Para fechar com chave de ouro, aos 45 do segundo tempo literalmente apareceu pra eu assistir Nomadland, o vencedor do Festival de Veneza, um dos filmes mais aclamados do ano mas que vai ser lançado só no início de fevereiro.
Para quem costuma frequentar esse blog há um tempo talvez se lembre de quando eu escrevi sobre Domando o Destino, o filmaço anterior da roteirista e diretora Chloe Zhao sobre o domador de cavalos que passa a vida sofrendo por não poder mais domar os animais depois de um acidente que quase o deixou paralisado.
Chloe Zhao havia criado um filme que é um estudo sobre a alma humana, sobre a solidão e a vida.
Nomadland, seu mais novo filme, não poderia ser mais pertinente a sua filosofia.
O filme conta a história de Fern (Frances McDormand, genial obviamente), uma mulher que representa o atual declínio do tal império americano.
Ela é uma nômade em uma país cada vez mais povoado dessas pessoas que tudo perdem, emprego, lar, perspectiva de vida e principalmente suas histórias.
Fern trabalhava em uma empresa grande que depois de fechada, a cidade que se formou a sua volta deixou de existir. Como Zhao conta no início do filme, o CEP foi cancelado.
A empresa abandonada, as casas abandonadas, as pessoas levaram o que conseguiram carregar e o mito da cidade fantasma passa a ser cada vez mais real.
Acompanhamos a vida de Fern, que vive em sua van caindo aos pedaços, indo de cidade em cidade atrás de empregos temporários, vivendo a vida de nômade, estacionando algumas vezes em acampamentos regularizados e muitas outras vezes onde acha lugar para parar sua casa com o mínimo de segurança.

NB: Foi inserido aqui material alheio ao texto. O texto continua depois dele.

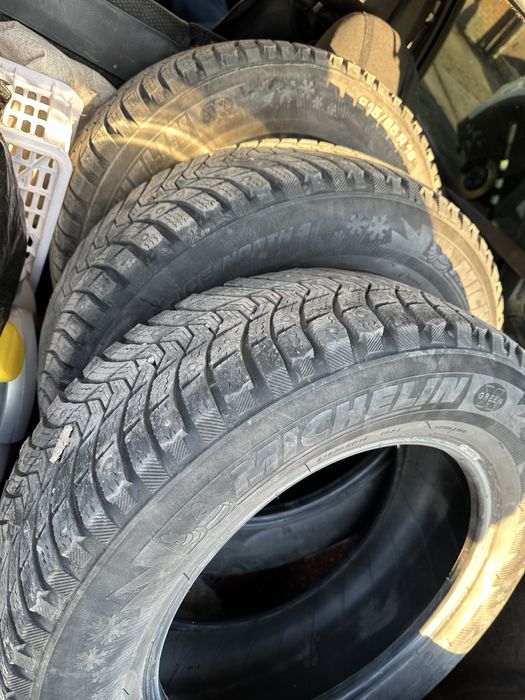 Продам шины Мишлен  215/65 R16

Para entendermos direito o que acontece, em um momento ela em uma loja encontra uma antiga amiga e uma das filhas, já crescida, pergunta se é verdade que ela é uma homeless, uma “sem lar”, ao que ela responde que ela é uma “sem casa”, mas nunca “sem lar”.

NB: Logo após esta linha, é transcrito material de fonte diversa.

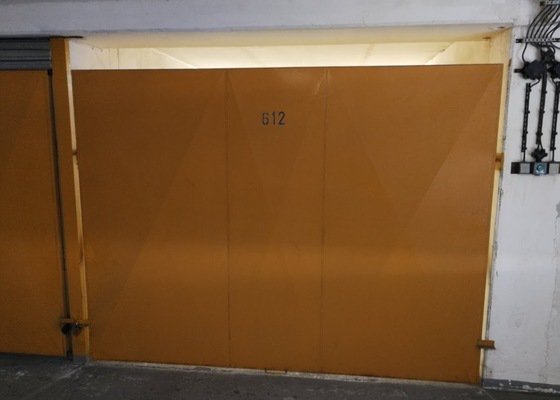 Připevnění kovových konstrukcí na vrata od garáže
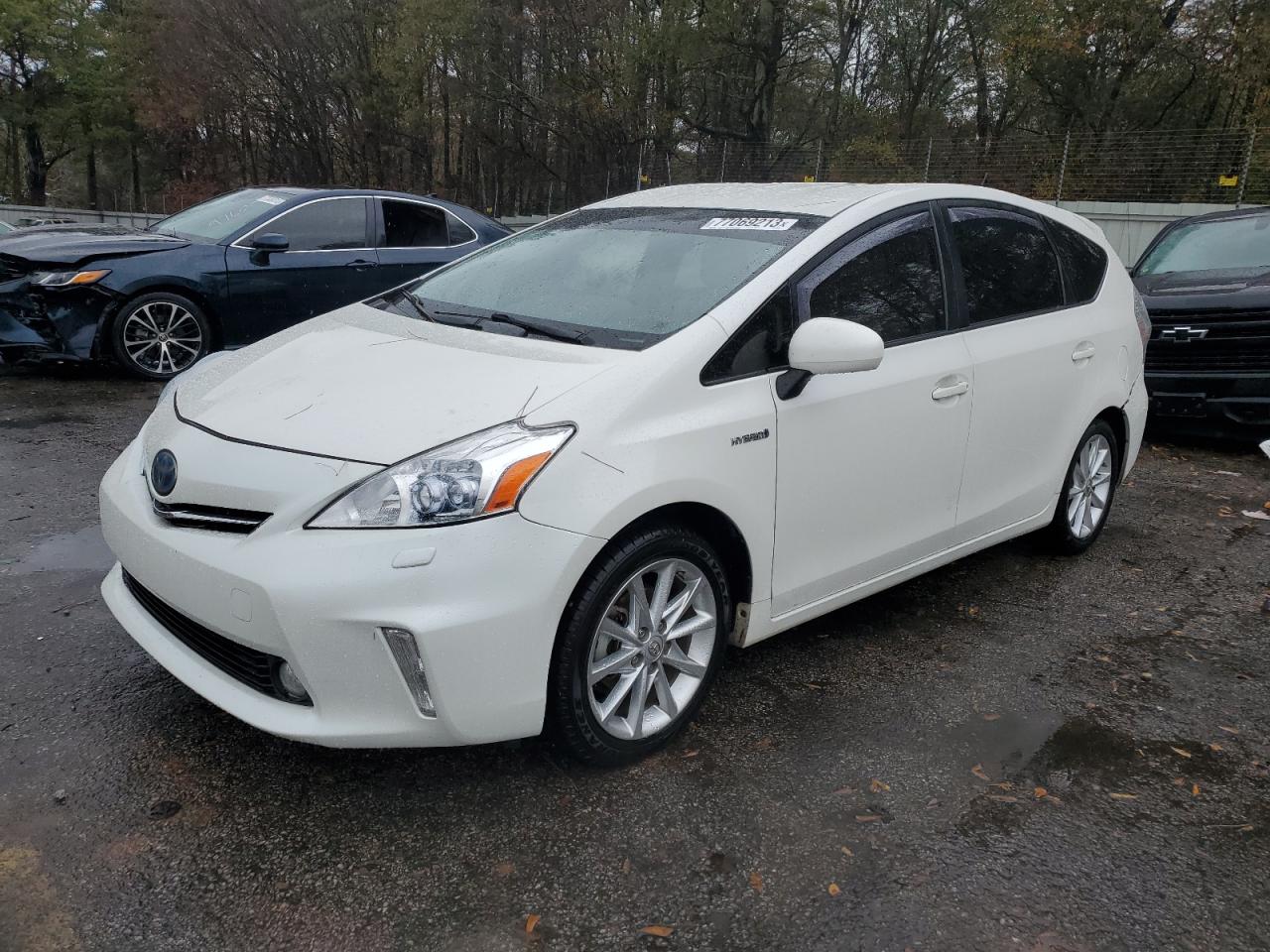 Toyota Prius v 2012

Quanto mais convivemos com Fern mais entendemos como essas pessoas sobrevivem, como é o senso de comunidade nômade, onde eles se ajudam muito enquanto estão juntos mas que esse estar junto nunca dura muito porque, na minha opinião, essa sensação de pertencimento já não existe mais para essas pessoas.
Fern nos mostra que prefere dormir em seu carro a ter uma cama confortável, um banheiro com água quente a disposição.
O que ela sempre procura é um lugar para lavar sua roupa.
E Fern cuida com o maior cuidado possível de tudo que tem em seu carro/lar: os pratos que seu pai lhe deu, a roupa, a comida, as coisas que vai achando pelo caminho que acabam substituindo outras que já não lhe servem mais.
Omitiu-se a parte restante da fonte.